[Entries taken from a collection]
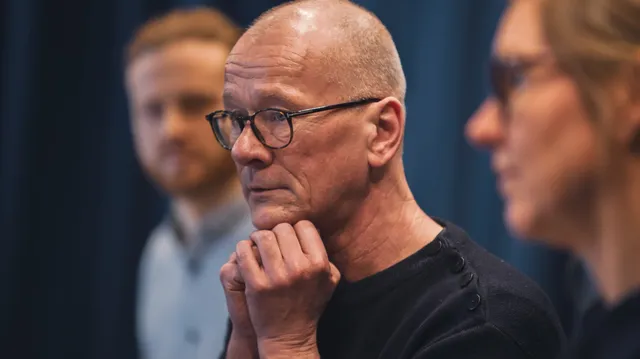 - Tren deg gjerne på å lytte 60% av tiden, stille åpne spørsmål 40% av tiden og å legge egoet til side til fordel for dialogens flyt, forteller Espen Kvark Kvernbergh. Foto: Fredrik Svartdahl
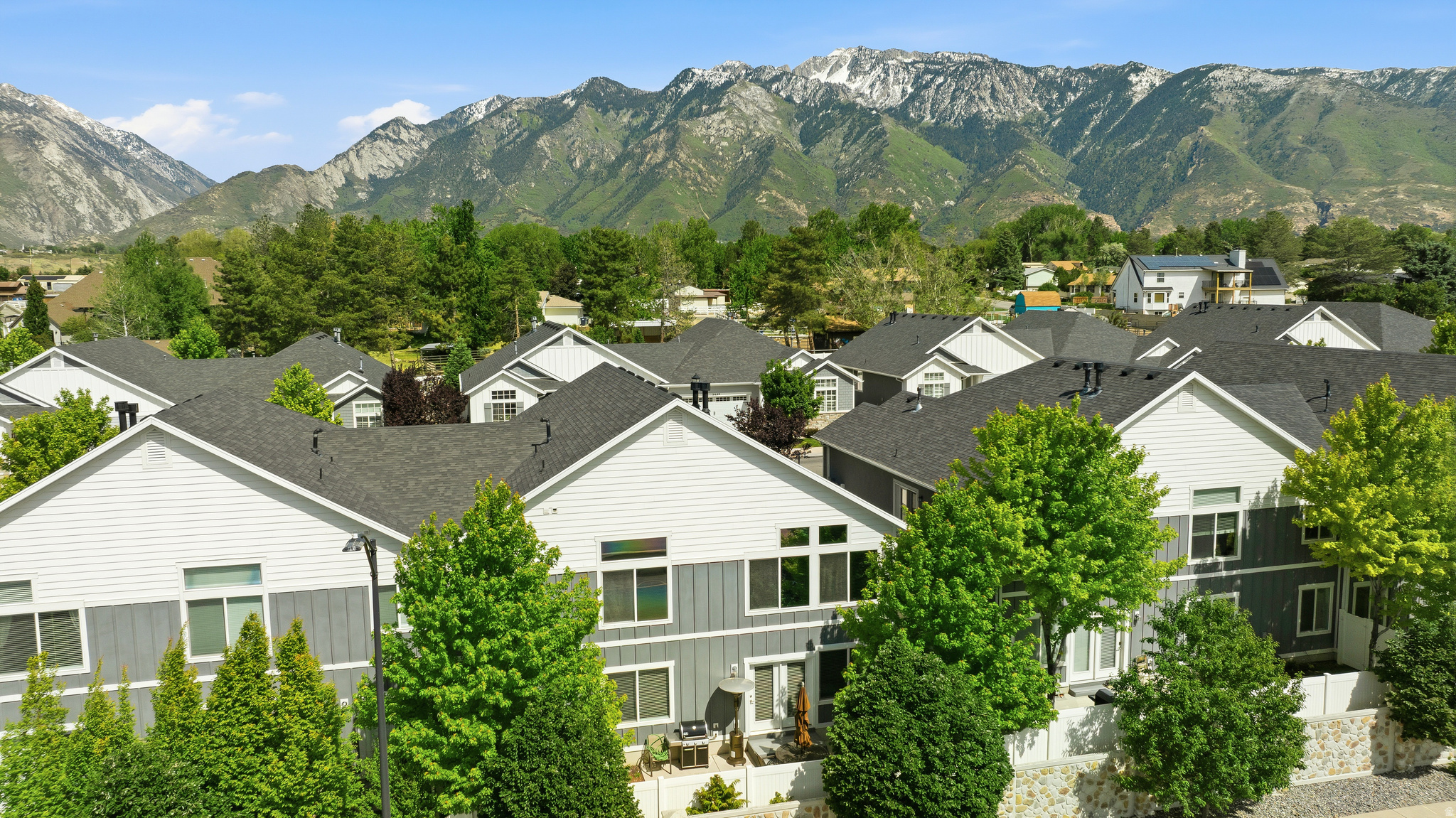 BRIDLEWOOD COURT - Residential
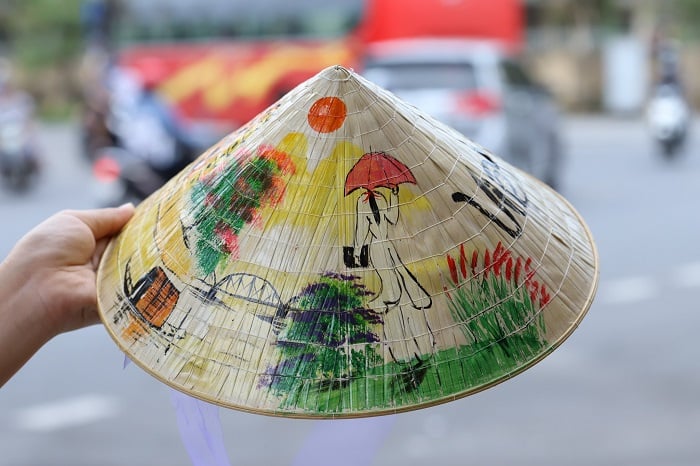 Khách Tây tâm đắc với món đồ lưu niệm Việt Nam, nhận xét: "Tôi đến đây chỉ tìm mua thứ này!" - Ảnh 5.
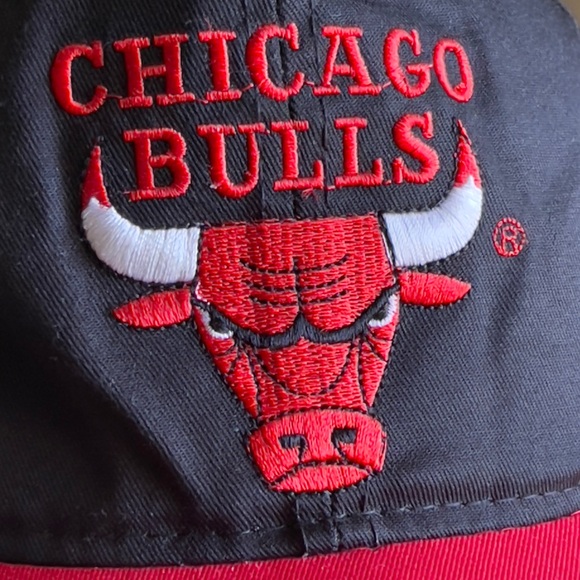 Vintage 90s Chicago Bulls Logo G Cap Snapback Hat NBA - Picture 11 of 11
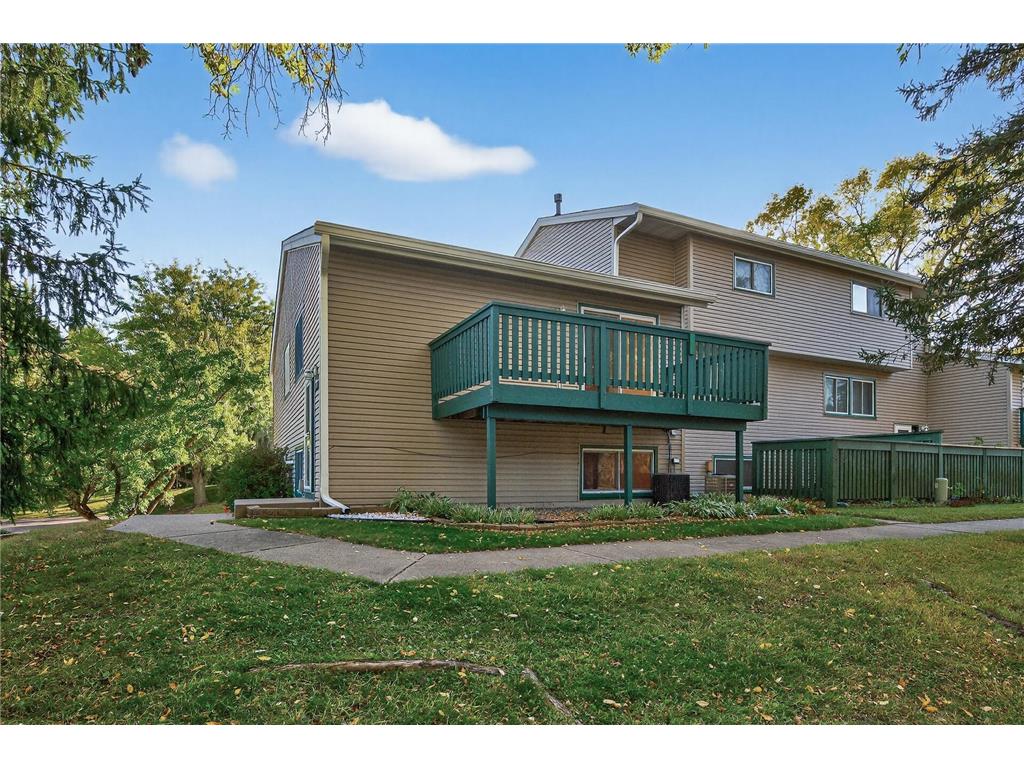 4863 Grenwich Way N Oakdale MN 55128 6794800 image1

Work item
Could you repeat, exactly and with nothing else, the lines from the one containing "Khách Tây tâm" through the last line of the records above, leaving out the pictures?

The answer
 Khách Tây tâm đắc với món đồ lưu niệm Việt Nam, nhận xét: "Tôi đến đây chỉ tìm mua thứ này!" - Ảnh 5.
 Vintage 90s Chicago Bulls Logo G Cap Snapback Hat NBA - Picture 11 of 11
 4863 Grenwich Way N Oakdale MN 55128 6794800 image1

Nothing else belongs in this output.